Using $7 million in TIF funds, the low-performing Ames — for seventh- and eighth-graders — in the 1900 block of North Hamlin will be expanded from seventh to 12th grades. It will become the permanent home for the Marine Math & Science Academy, whose nearly 400 students share a campus with Phoenix military students on the Near West Side.The mayor said students at military academies have an 80 percent graduation rate, compared to the citywide average of 65 percent. And 90 percent of graduates of military high schools are accepted to a four-year college or higher education institution.
"They are setting the standard for where we want the school system to move," said Emanuel at the Marine Math & Science Academy, as a dozen parents protested outside. "That's exactly what we want for all children that go through the city of Chicago."
Next school year, the expansion will add 600 more students to both the Phoenix Military Academy and the new military academy at Ames.

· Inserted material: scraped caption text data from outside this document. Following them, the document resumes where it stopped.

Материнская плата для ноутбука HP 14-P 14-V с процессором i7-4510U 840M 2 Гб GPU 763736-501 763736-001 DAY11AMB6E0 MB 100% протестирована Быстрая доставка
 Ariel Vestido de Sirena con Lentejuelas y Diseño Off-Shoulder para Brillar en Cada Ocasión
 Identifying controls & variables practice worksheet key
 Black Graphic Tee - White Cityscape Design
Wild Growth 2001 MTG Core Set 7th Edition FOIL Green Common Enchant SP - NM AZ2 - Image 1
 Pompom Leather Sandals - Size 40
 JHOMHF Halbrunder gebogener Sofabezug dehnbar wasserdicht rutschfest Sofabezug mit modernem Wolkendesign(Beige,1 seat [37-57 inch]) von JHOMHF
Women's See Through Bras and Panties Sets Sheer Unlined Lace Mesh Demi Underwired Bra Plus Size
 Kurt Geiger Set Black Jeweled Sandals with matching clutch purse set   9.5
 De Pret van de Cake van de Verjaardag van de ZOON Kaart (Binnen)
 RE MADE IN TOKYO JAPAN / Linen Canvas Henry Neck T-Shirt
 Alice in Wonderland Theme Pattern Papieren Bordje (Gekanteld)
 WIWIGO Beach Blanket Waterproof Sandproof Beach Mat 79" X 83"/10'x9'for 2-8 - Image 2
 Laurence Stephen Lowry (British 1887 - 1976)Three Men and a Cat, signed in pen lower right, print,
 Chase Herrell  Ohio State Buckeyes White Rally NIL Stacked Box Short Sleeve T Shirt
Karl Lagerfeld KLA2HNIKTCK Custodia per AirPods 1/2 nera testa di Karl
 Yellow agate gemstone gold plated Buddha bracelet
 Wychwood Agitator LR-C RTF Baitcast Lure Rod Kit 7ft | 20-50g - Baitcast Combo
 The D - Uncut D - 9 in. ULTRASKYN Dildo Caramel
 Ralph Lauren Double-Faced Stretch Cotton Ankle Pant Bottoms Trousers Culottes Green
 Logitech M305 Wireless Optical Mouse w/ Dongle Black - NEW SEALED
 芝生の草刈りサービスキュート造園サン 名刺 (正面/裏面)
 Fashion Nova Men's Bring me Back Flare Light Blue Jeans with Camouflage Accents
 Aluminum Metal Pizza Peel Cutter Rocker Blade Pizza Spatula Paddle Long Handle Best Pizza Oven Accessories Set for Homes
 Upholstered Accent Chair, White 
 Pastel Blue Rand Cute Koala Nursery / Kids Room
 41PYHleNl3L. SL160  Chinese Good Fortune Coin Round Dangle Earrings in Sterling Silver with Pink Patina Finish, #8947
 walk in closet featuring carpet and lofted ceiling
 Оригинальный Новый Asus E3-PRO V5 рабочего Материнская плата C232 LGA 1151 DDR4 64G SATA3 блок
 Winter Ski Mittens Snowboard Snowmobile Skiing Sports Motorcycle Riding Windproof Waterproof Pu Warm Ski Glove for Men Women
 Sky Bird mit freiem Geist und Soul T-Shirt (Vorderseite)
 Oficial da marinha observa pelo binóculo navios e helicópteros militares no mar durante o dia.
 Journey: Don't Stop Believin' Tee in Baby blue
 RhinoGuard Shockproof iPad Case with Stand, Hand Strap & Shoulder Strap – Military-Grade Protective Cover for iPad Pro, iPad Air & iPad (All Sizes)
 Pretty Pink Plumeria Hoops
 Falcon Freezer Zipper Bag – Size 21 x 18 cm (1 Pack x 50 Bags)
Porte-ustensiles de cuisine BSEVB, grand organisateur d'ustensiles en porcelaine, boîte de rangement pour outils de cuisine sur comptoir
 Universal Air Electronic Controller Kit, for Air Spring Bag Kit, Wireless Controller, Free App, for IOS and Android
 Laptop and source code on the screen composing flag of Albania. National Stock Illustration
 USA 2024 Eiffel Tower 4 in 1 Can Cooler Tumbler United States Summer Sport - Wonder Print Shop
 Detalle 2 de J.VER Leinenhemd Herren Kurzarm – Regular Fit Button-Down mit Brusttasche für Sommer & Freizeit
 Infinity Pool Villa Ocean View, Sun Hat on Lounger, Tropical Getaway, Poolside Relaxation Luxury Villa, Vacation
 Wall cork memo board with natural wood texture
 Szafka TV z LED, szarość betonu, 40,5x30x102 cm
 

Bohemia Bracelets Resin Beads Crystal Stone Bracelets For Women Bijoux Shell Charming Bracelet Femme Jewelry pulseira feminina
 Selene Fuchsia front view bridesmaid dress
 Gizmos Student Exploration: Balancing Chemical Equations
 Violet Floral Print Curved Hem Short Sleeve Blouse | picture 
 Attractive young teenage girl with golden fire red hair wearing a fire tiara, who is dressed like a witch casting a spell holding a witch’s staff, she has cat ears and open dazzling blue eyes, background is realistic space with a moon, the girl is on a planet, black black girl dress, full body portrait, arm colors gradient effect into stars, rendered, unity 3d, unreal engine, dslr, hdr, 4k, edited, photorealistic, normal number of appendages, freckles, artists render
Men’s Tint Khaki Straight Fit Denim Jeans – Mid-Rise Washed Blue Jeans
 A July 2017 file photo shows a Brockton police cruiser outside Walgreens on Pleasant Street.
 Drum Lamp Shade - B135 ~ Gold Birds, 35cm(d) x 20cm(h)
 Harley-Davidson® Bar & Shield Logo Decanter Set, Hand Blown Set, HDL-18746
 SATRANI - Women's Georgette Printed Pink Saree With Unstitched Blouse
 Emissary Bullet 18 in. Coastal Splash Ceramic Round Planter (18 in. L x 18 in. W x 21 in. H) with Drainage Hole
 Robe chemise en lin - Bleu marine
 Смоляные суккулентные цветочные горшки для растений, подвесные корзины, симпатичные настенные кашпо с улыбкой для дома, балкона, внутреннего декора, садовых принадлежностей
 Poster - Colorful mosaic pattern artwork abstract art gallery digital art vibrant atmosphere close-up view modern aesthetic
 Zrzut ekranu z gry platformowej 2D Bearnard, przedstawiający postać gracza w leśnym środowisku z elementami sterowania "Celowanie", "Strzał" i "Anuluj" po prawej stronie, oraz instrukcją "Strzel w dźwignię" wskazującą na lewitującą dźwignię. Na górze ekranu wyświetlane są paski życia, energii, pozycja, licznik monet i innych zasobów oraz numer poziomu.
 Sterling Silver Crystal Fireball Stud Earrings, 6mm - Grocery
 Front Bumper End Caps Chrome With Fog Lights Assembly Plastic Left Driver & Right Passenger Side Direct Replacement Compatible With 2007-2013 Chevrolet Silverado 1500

Military schools are popular. CPS officials say between 2005 and 2012, the number of students applying to military academies increased by 237 percent.Military academies have the same extracurricular activities as neighborhood schools, with the exception of optional military programs such as learning how to work a compass and navigate maps and military marching, said Robert Edwards, who has taught at Phoenix for 10 years.
At the same time, 30 percent of Phoenix students are enrolled in special education classes, he said.
"We are a public school with all the services of a public school," Edwards said. "Most likely you hear the misconception that it is a service academy… But you are 10 times more likely to see students head to a university than you would see a service appointment to the Army, or an officer commission in the Navy. It's their choice."
Chicago Teachers Union president Karen Lewis said in a statement Tuesday that the decision was "yet another betrayal of children by Mayor Emanuel and his appointing school board." She said hundreds of Ames parents, students and residents have participated in several meetings to support the school, which she said had improved its academic standing in recent years.
"It's not fair," said Joanna Vazquez, the mother of an Ames seventh-grader.
"If [the mayor] was going to switch, he should have just come to the parents and the school and just talked, instead of just hiding and doing it behind our backs."